Activity
Nothing but the lines below from the one that contains "Cath Crowley Quotes: He's" through the one that contains "The Phoenix Project: A" should be retyped, exactly and including both ends. Do not include pictures.

Source data
┄┄┄┄┄┄┄┄┄┄┄┄┄┄┄┄┄┄┄┄

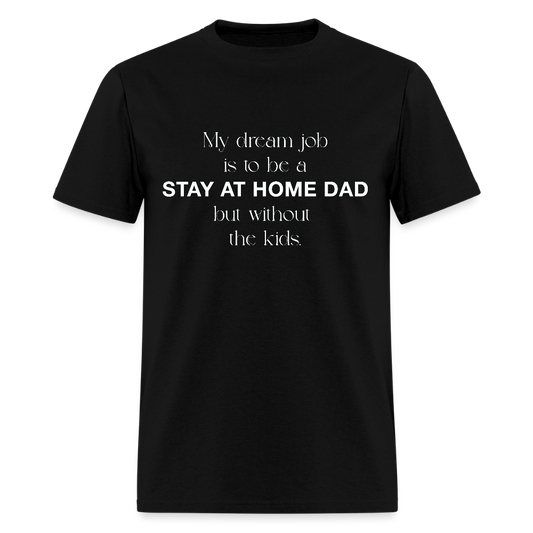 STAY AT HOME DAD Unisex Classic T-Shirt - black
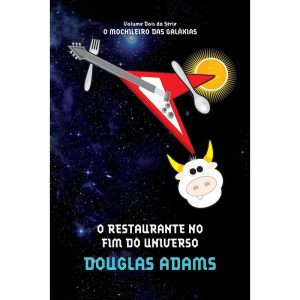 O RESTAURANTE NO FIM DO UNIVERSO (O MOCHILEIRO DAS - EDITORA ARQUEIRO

┄┄┄┄┄┄┄┄┄┄┄┄┄┄┄┄┄┄┄┄

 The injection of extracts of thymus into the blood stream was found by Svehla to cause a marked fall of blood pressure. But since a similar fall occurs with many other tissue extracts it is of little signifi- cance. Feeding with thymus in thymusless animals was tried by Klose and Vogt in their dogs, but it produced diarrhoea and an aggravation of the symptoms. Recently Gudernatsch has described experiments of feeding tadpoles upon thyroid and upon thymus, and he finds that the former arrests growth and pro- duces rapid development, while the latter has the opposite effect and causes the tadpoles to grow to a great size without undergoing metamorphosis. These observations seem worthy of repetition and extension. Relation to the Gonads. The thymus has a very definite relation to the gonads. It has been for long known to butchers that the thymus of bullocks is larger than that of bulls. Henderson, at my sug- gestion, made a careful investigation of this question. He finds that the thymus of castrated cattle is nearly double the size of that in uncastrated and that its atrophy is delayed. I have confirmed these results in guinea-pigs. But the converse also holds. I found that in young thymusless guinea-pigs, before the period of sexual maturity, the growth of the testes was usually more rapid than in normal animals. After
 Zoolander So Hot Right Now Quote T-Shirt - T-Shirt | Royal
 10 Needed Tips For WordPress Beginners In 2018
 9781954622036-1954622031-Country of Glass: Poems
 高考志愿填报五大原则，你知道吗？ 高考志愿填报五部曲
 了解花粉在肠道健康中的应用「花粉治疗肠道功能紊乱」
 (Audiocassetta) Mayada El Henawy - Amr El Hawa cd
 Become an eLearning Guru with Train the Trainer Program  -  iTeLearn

┄┄┄┄┄┄┄┄┄┄┄┄┄┄┄┄┄┄┄┄

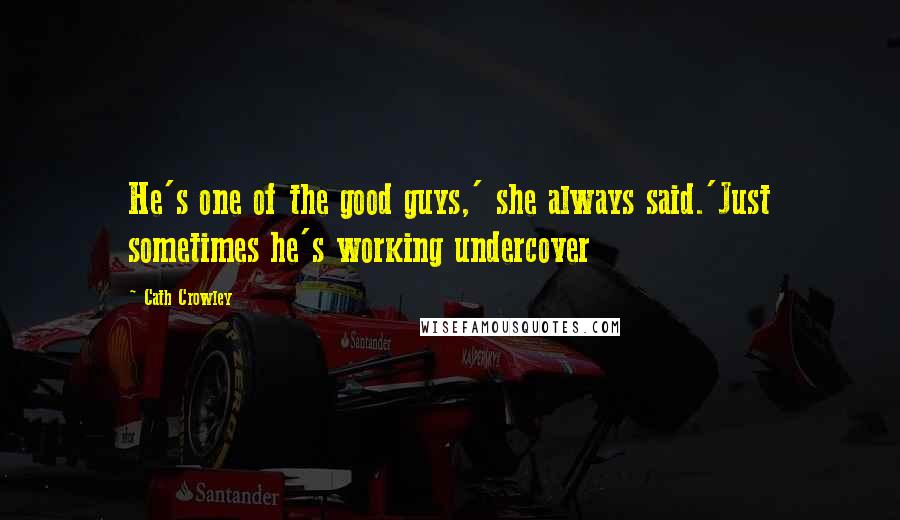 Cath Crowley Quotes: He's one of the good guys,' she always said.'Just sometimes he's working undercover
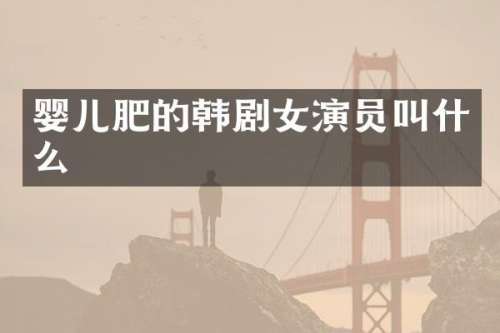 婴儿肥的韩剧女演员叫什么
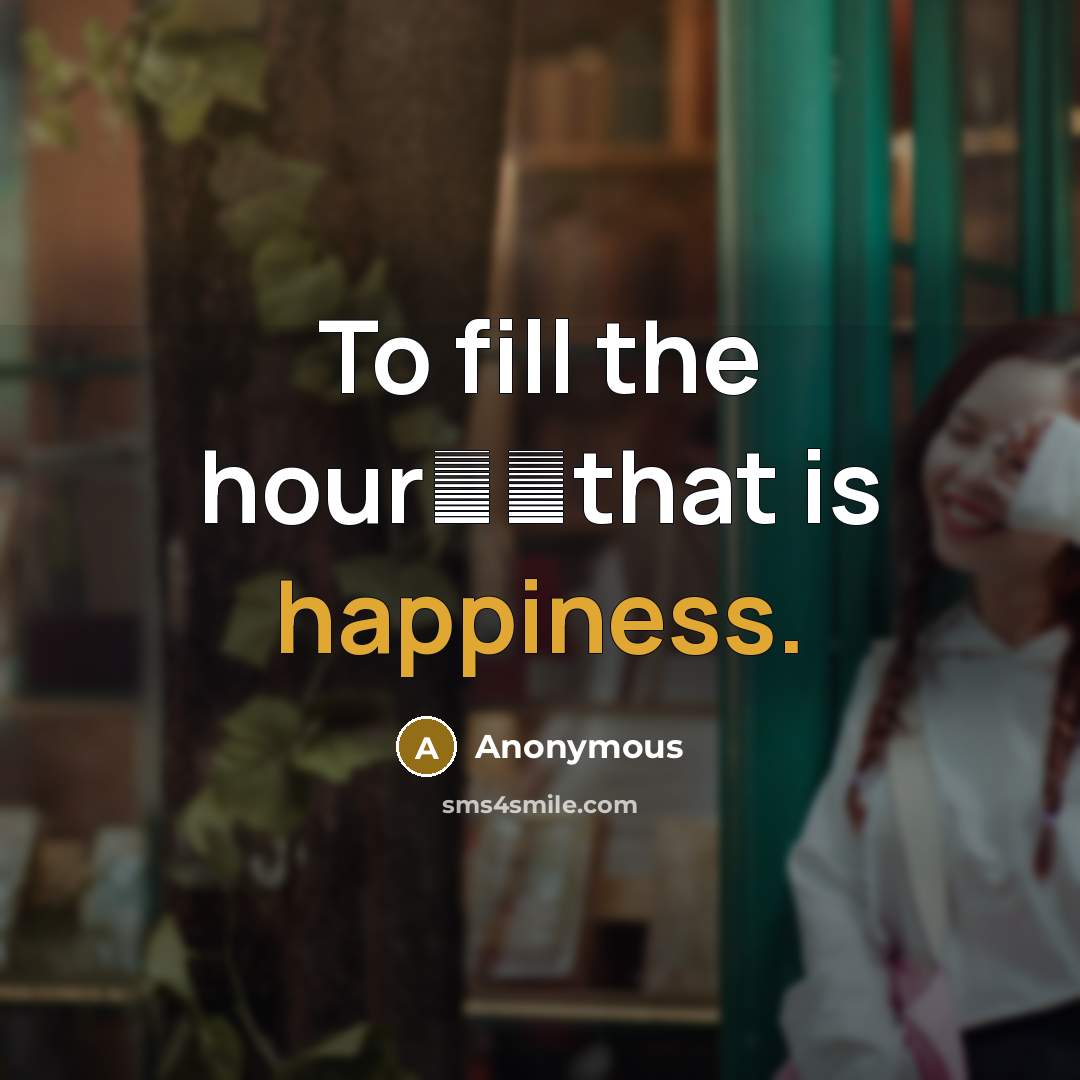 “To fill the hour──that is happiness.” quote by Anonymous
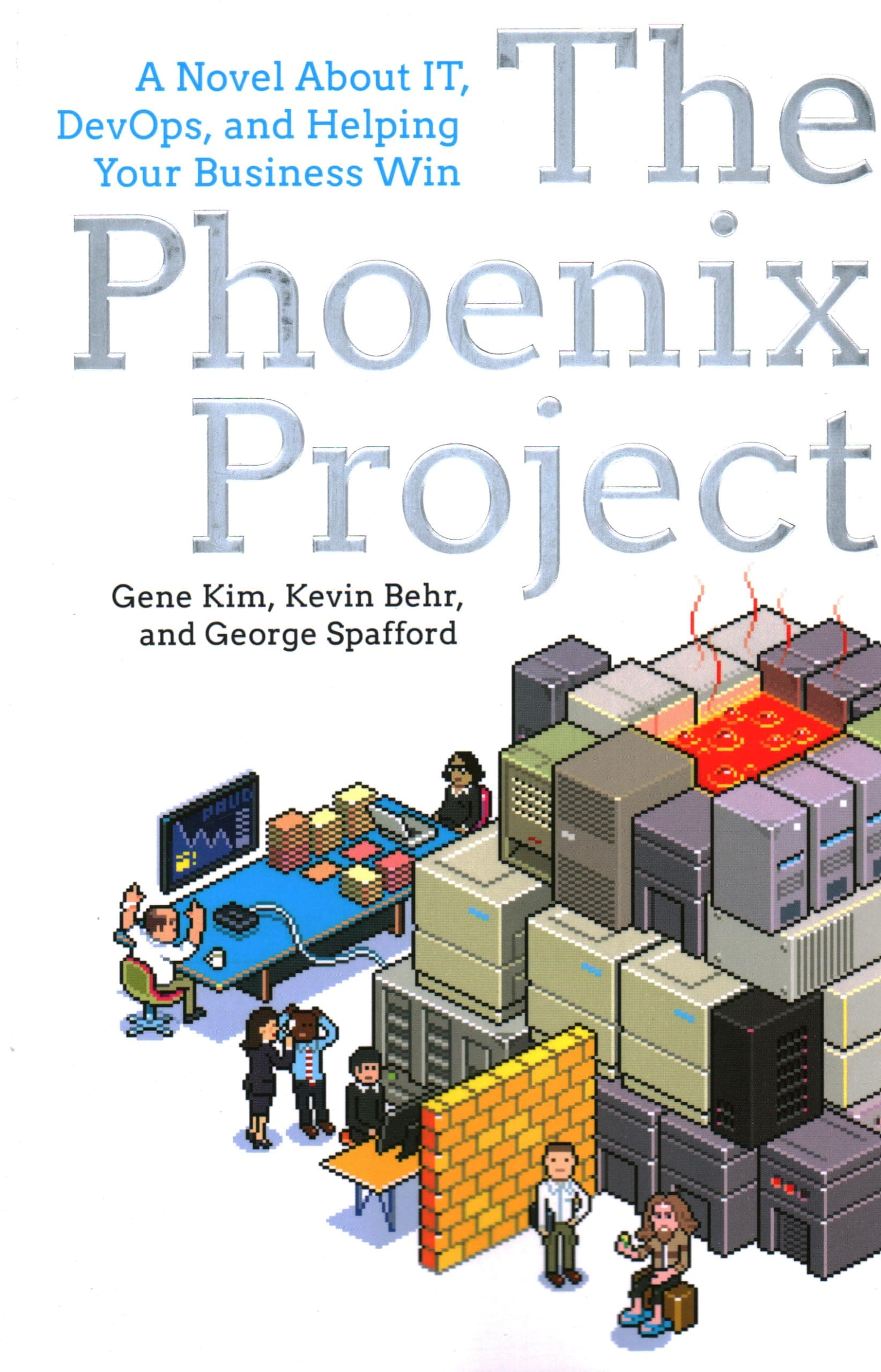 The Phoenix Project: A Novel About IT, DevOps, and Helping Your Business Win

┄┄┄┄┄┄┄┄┄┄┄┄┄┄┄┄┄┄┄┄

Solved exercise
 Cath Crowley Quotes: He's one of the good guys,' she always said.'Just sometimes he's working undercover
 婴儿肥的韩剧女演员叫什么
 “To fill the hour──that is happiness.” quote by Anonymous
 The Phoenix Project: A Novel About IT, DevOps, and Helping Your Business Win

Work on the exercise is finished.